Transducers are known that perform conversion between mechanical energy and electric energy such as actuators and sensors and that perform conversion between acoustic energy and electric energy such as speakers and microphones. In order to form a highly flexible, compact, and lightweight transducer, polymer materials such as dielectric elastomers are useful.
For example, as disclosed in Patent Document 1, an actuator can be formed by arranging a pair of electrodes on both sides in the thickness direction of a dielectric film formed of a dielectric elastomer. In actuators of this kind, when a voltage applied between the electrodes increases, an electrostatic attraction between the electrodes increases. The dielectric film interposed between the electrodes is thereby compressed in the thickness direction, leading to a reduced thickness of the dielectric film. When the film thickness decreases, the dielectric film accordingly expands in a direction parallel to the electrode surfaces.
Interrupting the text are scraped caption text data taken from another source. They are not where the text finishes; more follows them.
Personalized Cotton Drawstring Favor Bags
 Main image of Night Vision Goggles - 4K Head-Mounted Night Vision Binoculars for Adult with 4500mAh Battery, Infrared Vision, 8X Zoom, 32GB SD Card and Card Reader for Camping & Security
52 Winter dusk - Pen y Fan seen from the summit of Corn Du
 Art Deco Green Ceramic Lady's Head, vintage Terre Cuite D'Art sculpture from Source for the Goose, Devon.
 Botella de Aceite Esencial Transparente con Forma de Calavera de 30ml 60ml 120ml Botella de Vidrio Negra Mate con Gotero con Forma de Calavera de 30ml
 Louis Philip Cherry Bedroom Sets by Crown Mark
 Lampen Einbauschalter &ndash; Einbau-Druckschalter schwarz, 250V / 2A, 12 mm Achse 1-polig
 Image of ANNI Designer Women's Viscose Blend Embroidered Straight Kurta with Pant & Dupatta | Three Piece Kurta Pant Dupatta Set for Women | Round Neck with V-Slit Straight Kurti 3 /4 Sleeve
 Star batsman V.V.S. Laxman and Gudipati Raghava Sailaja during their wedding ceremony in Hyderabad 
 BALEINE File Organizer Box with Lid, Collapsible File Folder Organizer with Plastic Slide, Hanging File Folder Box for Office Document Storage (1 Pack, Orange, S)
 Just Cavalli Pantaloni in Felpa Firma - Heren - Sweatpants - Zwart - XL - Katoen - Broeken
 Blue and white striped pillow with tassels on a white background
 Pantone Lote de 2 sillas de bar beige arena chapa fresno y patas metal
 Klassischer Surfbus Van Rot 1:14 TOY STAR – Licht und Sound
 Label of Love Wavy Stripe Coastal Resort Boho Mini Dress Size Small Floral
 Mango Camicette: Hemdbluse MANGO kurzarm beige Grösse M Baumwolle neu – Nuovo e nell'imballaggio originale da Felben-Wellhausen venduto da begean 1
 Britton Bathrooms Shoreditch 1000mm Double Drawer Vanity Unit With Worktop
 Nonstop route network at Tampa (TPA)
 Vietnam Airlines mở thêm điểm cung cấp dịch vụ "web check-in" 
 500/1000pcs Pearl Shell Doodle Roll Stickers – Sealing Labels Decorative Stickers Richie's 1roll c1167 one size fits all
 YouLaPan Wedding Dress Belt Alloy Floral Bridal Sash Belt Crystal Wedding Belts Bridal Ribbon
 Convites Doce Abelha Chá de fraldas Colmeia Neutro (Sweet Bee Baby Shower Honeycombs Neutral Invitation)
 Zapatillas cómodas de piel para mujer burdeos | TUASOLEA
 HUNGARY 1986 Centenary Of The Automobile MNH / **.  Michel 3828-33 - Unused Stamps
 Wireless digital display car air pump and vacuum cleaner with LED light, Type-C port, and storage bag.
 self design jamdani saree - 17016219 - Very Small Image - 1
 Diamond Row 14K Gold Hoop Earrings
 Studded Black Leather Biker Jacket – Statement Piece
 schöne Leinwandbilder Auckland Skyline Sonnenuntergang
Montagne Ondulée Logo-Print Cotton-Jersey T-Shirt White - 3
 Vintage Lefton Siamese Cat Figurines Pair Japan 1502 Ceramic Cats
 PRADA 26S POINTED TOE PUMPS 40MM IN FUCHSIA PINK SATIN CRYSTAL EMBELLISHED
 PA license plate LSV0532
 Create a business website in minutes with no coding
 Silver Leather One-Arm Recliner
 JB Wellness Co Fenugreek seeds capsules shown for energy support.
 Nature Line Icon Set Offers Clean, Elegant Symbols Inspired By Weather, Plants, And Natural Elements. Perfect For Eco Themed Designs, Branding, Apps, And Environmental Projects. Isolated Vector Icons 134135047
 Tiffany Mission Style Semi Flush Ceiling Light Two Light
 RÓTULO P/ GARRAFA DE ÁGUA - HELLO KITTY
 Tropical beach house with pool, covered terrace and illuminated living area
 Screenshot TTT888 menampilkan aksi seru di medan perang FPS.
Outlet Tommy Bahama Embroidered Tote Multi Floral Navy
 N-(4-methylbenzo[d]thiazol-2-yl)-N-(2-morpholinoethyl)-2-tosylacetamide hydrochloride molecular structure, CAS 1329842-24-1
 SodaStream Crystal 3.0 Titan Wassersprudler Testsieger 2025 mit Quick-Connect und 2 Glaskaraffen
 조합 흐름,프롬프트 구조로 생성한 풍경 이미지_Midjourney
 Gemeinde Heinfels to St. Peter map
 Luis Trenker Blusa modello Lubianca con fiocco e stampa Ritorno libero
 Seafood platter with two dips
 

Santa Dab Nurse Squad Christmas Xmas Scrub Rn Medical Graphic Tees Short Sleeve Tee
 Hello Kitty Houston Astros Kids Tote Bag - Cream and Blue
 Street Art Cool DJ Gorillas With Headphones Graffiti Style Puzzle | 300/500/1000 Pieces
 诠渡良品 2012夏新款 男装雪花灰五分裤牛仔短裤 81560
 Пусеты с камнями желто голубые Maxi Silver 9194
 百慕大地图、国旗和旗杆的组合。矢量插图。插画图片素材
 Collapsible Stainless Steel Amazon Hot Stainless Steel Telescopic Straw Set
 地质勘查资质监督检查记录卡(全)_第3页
On the other hand, when the voltage applied between the electrodes is reduced, the electrostatic attraction between the electrodes decreases. A compressive force against the dielectric film in the thickness direction thereby decreases, and the film thickness increases due to the elastic restoring force of the dielectric film. When the film thickness increases, the dielectric film accordingly contracts in a direction parallel to the electrode surfaces. The actuator thus expands and contracts the dielectric film, thereby driving a member to be driven.
In order to increase a force and displacement output from the actuator by applying a high voltage, it is desirable that the volume resistivity of the dielectric film is high and that the resistance to dielectric breakdown thereof is high. As an elastomer material having high resistance to dielectric breakdown, silicone rubber is known.